Sexual harassment consists of two basic types: … Inappropriate Environment Based on Sex:  Any unwelcome conduct of a sexual nature that is severe, persistent, or pervasive, and creates an intimidating, hostile or offensive living, working or educational environment, or has the purpose or effect of unreasonably interfering with an individual’s employment, academic performance, education, or participation in extracurricular programs or activities.
In either type of sexual harassment noted above, the effect will be evaluated from both a subjective perspective, as well as the objective perspective of a reasonable person in the position of the person who experienced the conduct.

Examples of behavior that might be considered sexual harassment include, but are not limited to:

  • Unwanted sexual innuendo, propositions, sexual attention or suggestive comments and gestures; inappropriate humor about sex or gender-specific traits; sexual slurs or derogatory language directed at another person’s sexuality, gender, gender identity, sexual orientation or gender expression; insults and threats based on sex, gender, gender identity, sexual orientation or gender expression; and other oral, written or electronic communications of a sexual nature that an individual communicates is unwanted and unwelcome.
  • Written graffiti or the display or distribution of sexually explicit drawings, pictures, or written materials; sexually charged name-calling; or the circulation, display, or creation of e-mails, text messages, or web sites of a sexual nature.
  • Display or circulation of written materials or pictures degrading to an individual or gender group where such display is not directly related to academic freedom, or an educational/pedagogical, artistic, or work purpose.
  • Unwelcome physical contact or suggestive body language, such as touching, patting, pinching, hugging, kissing, or brushing against an individual’s body.
  • Physical coercion or pressure of an individual to engage in sexual activity or punishment for a refusal to respond or comply with sexual advances.

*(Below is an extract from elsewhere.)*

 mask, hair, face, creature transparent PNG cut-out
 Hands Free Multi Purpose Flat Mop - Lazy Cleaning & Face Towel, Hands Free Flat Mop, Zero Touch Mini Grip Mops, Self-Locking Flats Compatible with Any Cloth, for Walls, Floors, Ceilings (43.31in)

  • Use of a position of power or authority to:  (1) threaten or punish, either directly or by implication, for refusing to tolerate harassment, for refusing to submit to sexual activity, or for reporting harassment; or (2) promise rewards in return for sexual favors.
  • Acts of verbal, nonverbal, or physical aggression, intimidation, or hostility based on sex, sexual orientation, gender identity, or sex-stereotyping.